Visual and IR-Based Target Detection from Unmanned Aerial Vehicle

Conference paper
Part of the Lecture Notes in Computer Science book series (LNCS, volume 10273)


In many situations it is important to detect and identify people and vehicles. In this study the purpose was to investigate subject’s performance to detect and estimate number of stationary people on the ground. The unmanned aerial vehicle used visual- and infrared sensor, wide and narrow field of view, and ground speed 8 m/s and 12 m/s. Participants watched synthetic video sequences captured from an unmanned aerial vehicle. The results from this study demonstrated that the ability to detect people was affected by type of sensor and field of view. It took significantly longer time to detect targets with the infrared sensor than with the visual sensor, and it took significantly longer time with wider field of view than with narrow field of view. The ability to assess number of targets was affected by type of sensor and speed, the infrared sensor causing more problems than the visual sensor. Also, performance decreased at higher speed.


Target detection Visual sensor IR sensor UAV Human factors 

1 Introduction

The information explosion that comes from gathering information with new and better sensors is positive since users can access more information. At the same time it is a challenge to select the vital information in a specific situation. Data overload may be a serious problem, and it is necessary to have an understanding of the whole system. How to help human cognition using a medium (i.e. computer) is fundamental to ensure good user performance in the current situation. To build an effective system in a military setting a number of factors must be taken into account. From an ecological approach [1] and representation design [2] there is a cognitive triad between domain or environment, interface and users. There is a reciprocal coupling between the user and the environment which often is mediated by a user interface. The components of the triad are the cognitive demands from the domain or environment, user resources and limitations, and the interface. The interface effectiveness is determined by the mapping between the environment and interface (correspondence) and the mapping between the user and interface (coherence). To develop an effective and user friendly system all these three parts must be taken into account.

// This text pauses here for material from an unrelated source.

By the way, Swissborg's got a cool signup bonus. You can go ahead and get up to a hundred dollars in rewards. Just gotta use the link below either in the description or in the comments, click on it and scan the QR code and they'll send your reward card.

In many applications part of the information that reaches the user has been acquired with some type of sensor system, involving one or several sensors and signal processing, acting as a filter between the environment and the interface. In order to be able to understand the complete picture and study sensor-related aspects the model has to be extended.

In our research we aim for an understanding of the whole picture and therefore also sensor type are included since this is an important part of the system we work with (Fig. 1).
Fig. 1.

The relation between user, interface, environment and sensor.

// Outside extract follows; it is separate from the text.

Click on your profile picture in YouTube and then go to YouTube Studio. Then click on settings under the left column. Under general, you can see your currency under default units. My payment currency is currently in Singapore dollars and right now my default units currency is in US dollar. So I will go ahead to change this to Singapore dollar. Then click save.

Even though the whole system must always be taken into account, the research presented here focuses on the ability and limitations of the users to extract the correct information about the environment based on data from sensors observing it. The purpose of this study was to investigate and compare performance of manual visual and IR-based detection of static targets seen from a simulated unmanned aerial vehicle (UAV).

It is not always certain what seeing an object means. One way to analyze observers’ ability to perform visual tasks is to use the Johnson criteria [3, 4], often used by scientists who study the capability of sensors, e.g., infrared systems. A differentiation is made on detection (i.e. whether there is something of potential interest), orientation (which sometimes are excluded), recognition (e.g. the difference between a human and car) and identification (e.g. whether it is a friend or foe). The Johnson criteria proposes in detail how many pixels (originally line-pairs) an object needs to contain to make the classification possible. According to Johnson criteria, the detection distance is calculated based on how many pixels an object must contain. In order to detect static objects it requires 2 × 2 pixels, orientation 8 × 2.8 pixels, 8 × 8 pixels for recognition and identification required 12.8 × 12.8 pixels [5]. These figures should not be interpreted as guidelines but rather as values under the best possible conditions. It is not entirely clear in various descriptions but the described values probably mean that the task can be solved in 50% of the cases, which in most cases is unacceptably low. There is also a variety of factors that must be considered, including the contrast between objects and background, atmospheric disturbances, the number of objects in the picture, light, contextual clues, color and type of optics. Moreover, performance is affected by the type of task, the experience of the participants and their level of training for the specific task, motivation, and the relative importance between quick decisions and correct results [3]. There are several methods that can be regarded as further development of Johnson criteria, e.g. TOD (Triangle Orientation Discrimination), TTP (Targeting Task Performance) and TRM (Thermal Range Model). For further description of these methods see Näsström et al. [6], Wittenstein [7], and Vollmerhausen and Jacobs [8].

In order to assess and evaluate a system, experiments with users should be conducted. Theoretically calculated values could be of some value to get an indication of what objects that can be detected or identified (e.g. Johnson criteria) but is never enough. Identification of friend or foe is different from being able to identify who the person is and it is therefore important to be clear about exactly what you mean by different concepts. There is an obvious risk for confusion regarding the interpretation of concepts, since the concepts are used by researcher in different context without a standardized definition. In many situations one must be absolute sure about the identity of a person to make a decision whether to use military force. Friendly fire, where a soldier accidentally opens fire on his own troops, is a well-known phenomenon. In other cases, such as intelligence, is it important to describe what is seen according to a predetermined classification scheme and not just described what they think they see.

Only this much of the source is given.